Task:
From the listing below, please restate exactly the lines beginning at the one with "2× Antique Bronze" and ending at the one with "dusk light Twilight", both included, and skip the pictures.

Dataset excerpts:
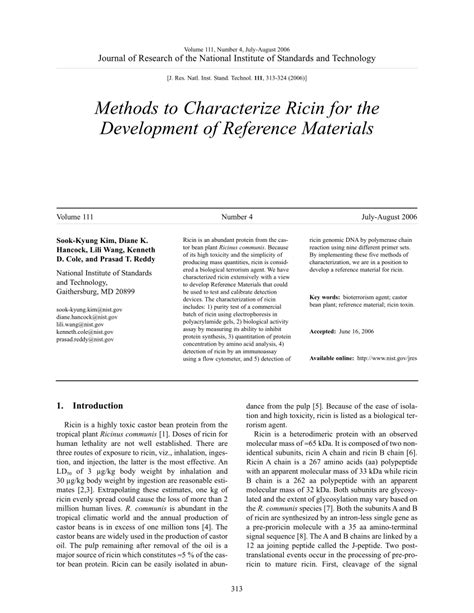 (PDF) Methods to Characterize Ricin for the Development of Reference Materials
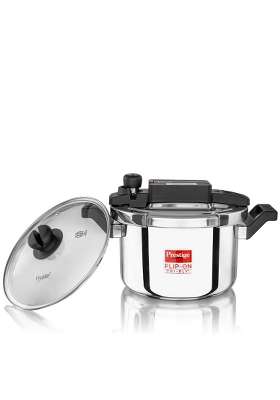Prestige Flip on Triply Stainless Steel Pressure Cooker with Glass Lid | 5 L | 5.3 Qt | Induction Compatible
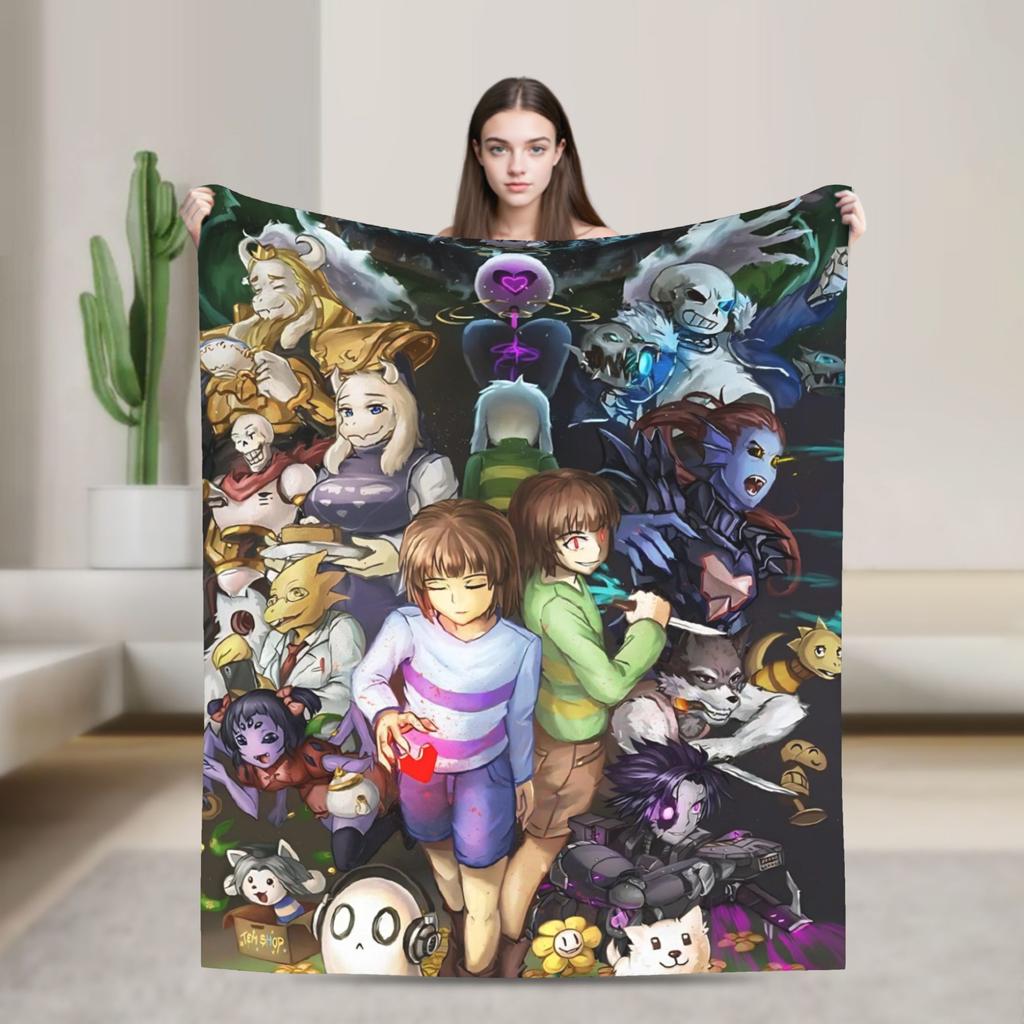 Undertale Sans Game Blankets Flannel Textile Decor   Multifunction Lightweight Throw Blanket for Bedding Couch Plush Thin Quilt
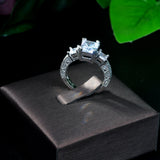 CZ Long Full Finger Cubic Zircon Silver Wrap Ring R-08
...
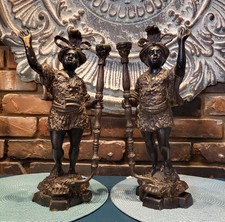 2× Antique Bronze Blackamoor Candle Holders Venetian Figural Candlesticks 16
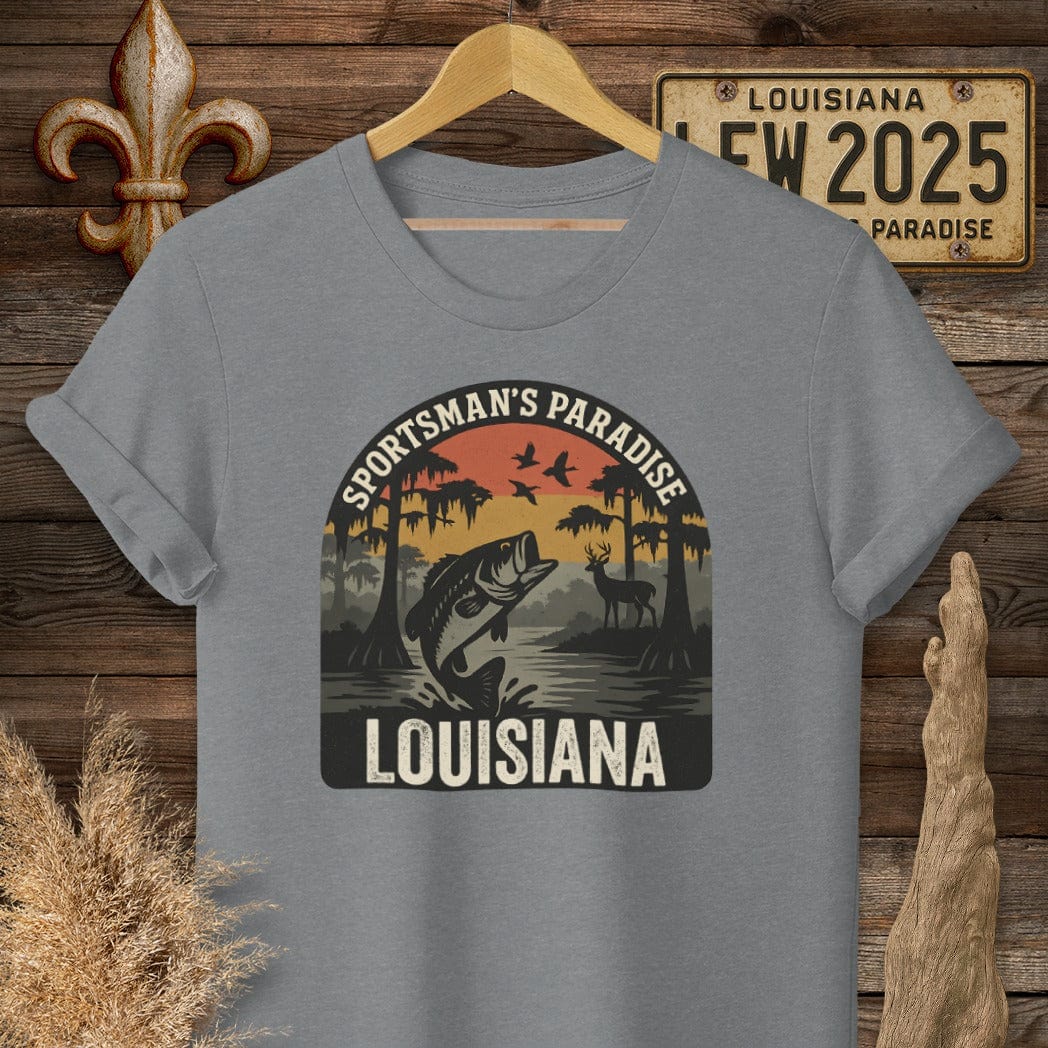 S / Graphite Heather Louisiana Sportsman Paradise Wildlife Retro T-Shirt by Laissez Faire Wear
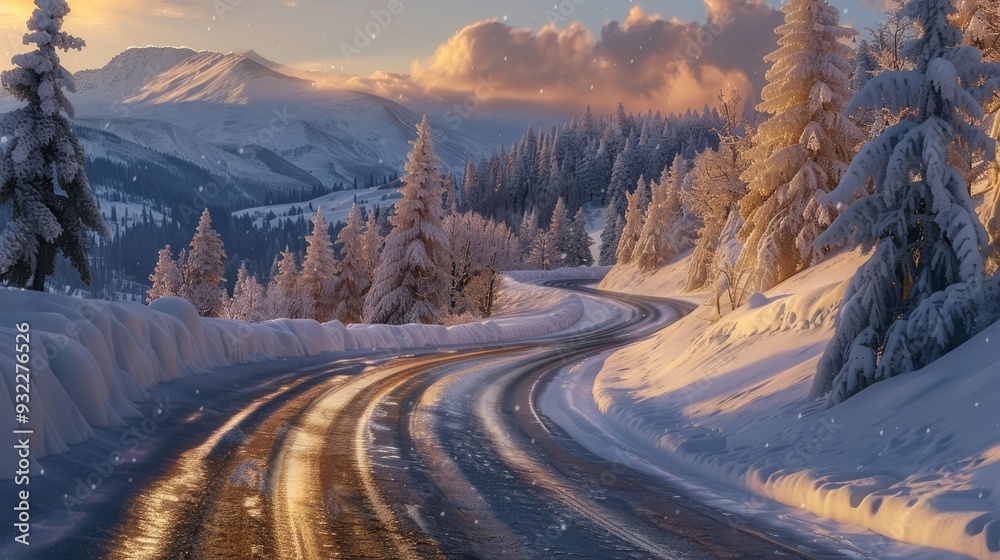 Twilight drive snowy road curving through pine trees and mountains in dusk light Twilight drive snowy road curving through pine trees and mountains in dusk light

Response below:
 2× Antique Bronze Blackamoor Candle Holders Venetian Figural Candlesticks 16
 S / Graphite Heather Louisiana Sportsman Paradise Wildlife Retro T-Shirt by Laissez Faire Wear
 Twilight drive snowy road curving through pine trees and mountains in dusk light Twilight drive snowy road curving through pine trees and mountains in dusk light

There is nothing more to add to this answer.